Nasa conducted its first flight on another planet on Monday. It was a short hop for a small chopper named Ingenuity but it demonstrated technology that could prove critical to the future of space exploration.
The 1.8kg vehicle ascended to about 3m above the surface of the red planet for about 40 seconds, before descending back to the ground.
The helicopter arrived on Mars along with the Perseverance rover on 18 February in a dramatic, high-definition landing. As the US and other nations prepare to return humans to the moon, and eventually land on Mars, using drones to closely assess the surrounding landscape will become ever-more important.
“We now have our Wright brothers moment,” MiMi Aung, project manager for Ingenuity, said on Monday morning from a control room at Nasa’s Jet Propulsion Laboratory in Pasadena, California. “This is just the first great flight.”
Researchers at JPL have planned four more Ingenuity flights during the mission to demonstrate the technology’s viability in the thin Martian atmosphere, a hostile environment to craft that require air for lift (the Martian atmosphere is 100 times thinner than that of Earth).
Indeed, flying close to the surface of Mars is the equivalent of flying at more than 26.5km on Earth, essentially three times the height of Mount Everest, Nasa engineers said. The altitude record for a helicopter flight on earth is 12.5km.
Blade rotation
Made up mostly of carbon dioxide, the less-dense atmosphere requires blade rotation speeds of 2 400rpm for the chopper to remain aloft — five times what’s needed on Earth. Researchers also had only an estimate of what kind of wind speed to expect, which was around 21km/h.
Each subsequent test will be “higher risk” and up to 4.5m above the surface because “we want to stretch and understand the capability of this little vehicle,” Aung said. The longest flight will last no more than 90 seconds.

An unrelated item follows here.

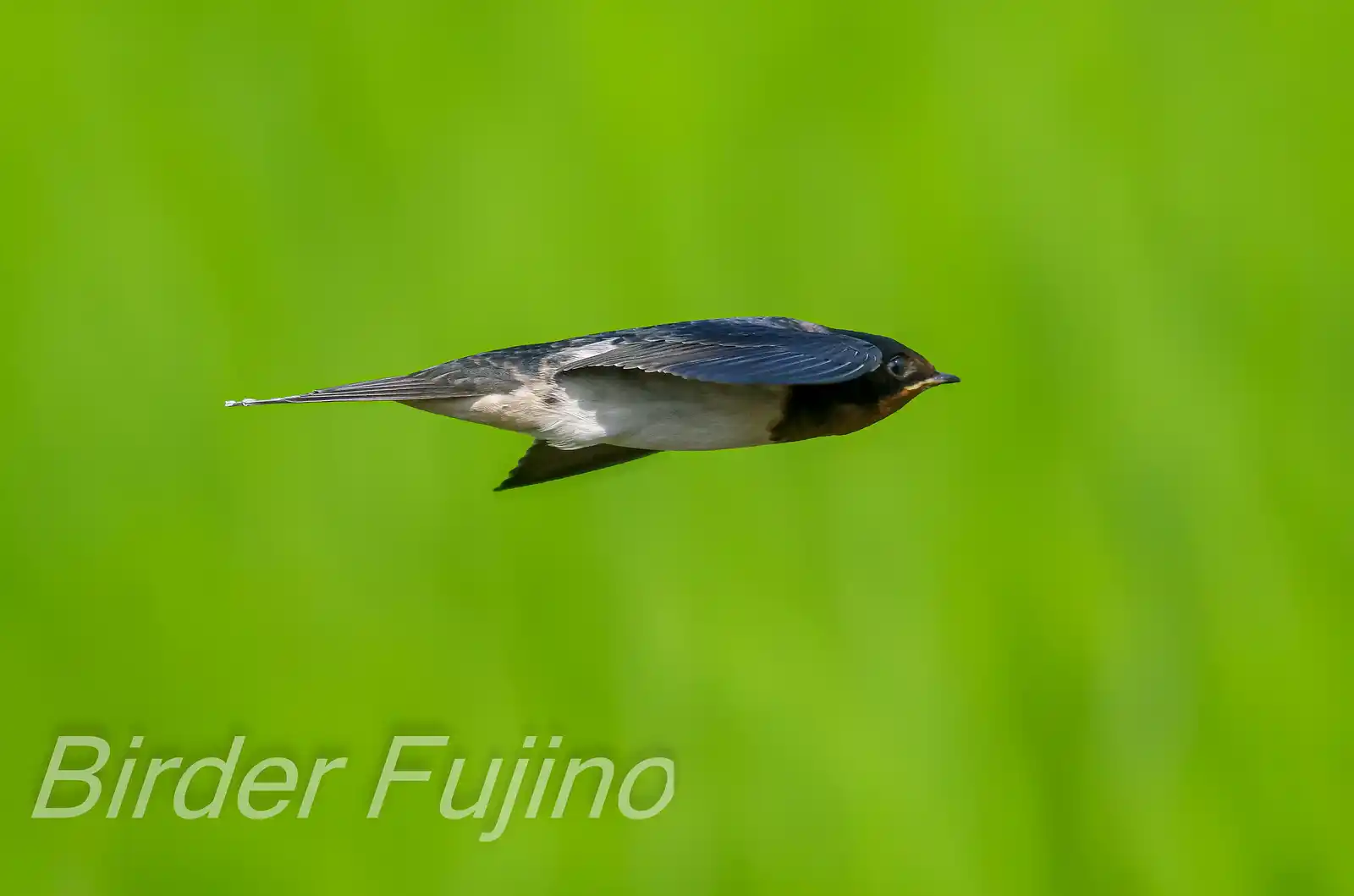 野鳥写真・ツバメの写真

The effort saw a one-week delay because of a glitch discovered on 9 April during a high-speed rotor test, which prevented the helicopter from transitioning into flight mode. Engineers uploaded a solution to that problem on 16 April.
Watch Ingenuity’s first flight on Mars:
JPL programme managers warned that Ingenuity’s later flights come with a fair chance of ending the mission entirely, given the increased probability of a crash landing. The small craft has no way to right itself if it lands askew and not on its four legs.

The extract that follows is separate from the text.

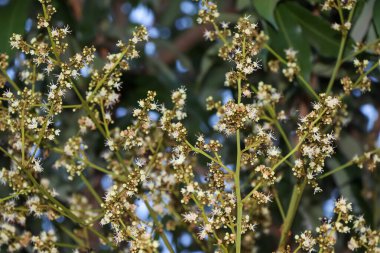 Dimocarpus Longan Ekşi çiçek açıyor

“This is all about the future — this is the pathfinder,” Aung said at a news conference on 9 April. One of the test mission’s objectives is to return data “to inform future generations of helicopters for Mars”, she said.
Since the Apollo missions introduced rovers to the Moon’s surface, surface exploration has remained at ground level. Over time, drone flights could allow exploration of inaccessible, rocky terrain or to scan cliffs and other geological futures too treacherous for rovers — or humans.
Nasa began concept-testing its off-world aviation experiment in 2014, and has conducted extensive vacuum chamber testing to understand the complexity of flight on Mars, where it’s very cold by terrestrial standards, dipping to -90ºC at night. But Ingenuity is only the beginning.
The agency’s Dragonfly mission to Saturn’s moon Titan is scheduled for a 2027 launch, with arrival to occur about eight years later. The larger rotorcraft will fly more than 160km on the icy moon, collecting samples at multiple locations.
Own challenges
While Titan’s nitrogen-heavy, complex atmosphere will be an easier place to fly than Mars when it comes to aerodynamics, methane rain and super extreme cold of -180ºC will present their own challenges.
Ingenuity and its progeny must be largely autonomous given the lag in communications from Earth, which is 290 million kilometres away. Nasa eventually found itself purchasing two US$750 commercial chipsets for the drone flights that were developed by Qualcomm, since the platform offered the helicopter more robust computing with lower power usage than Nasa’s existing technology.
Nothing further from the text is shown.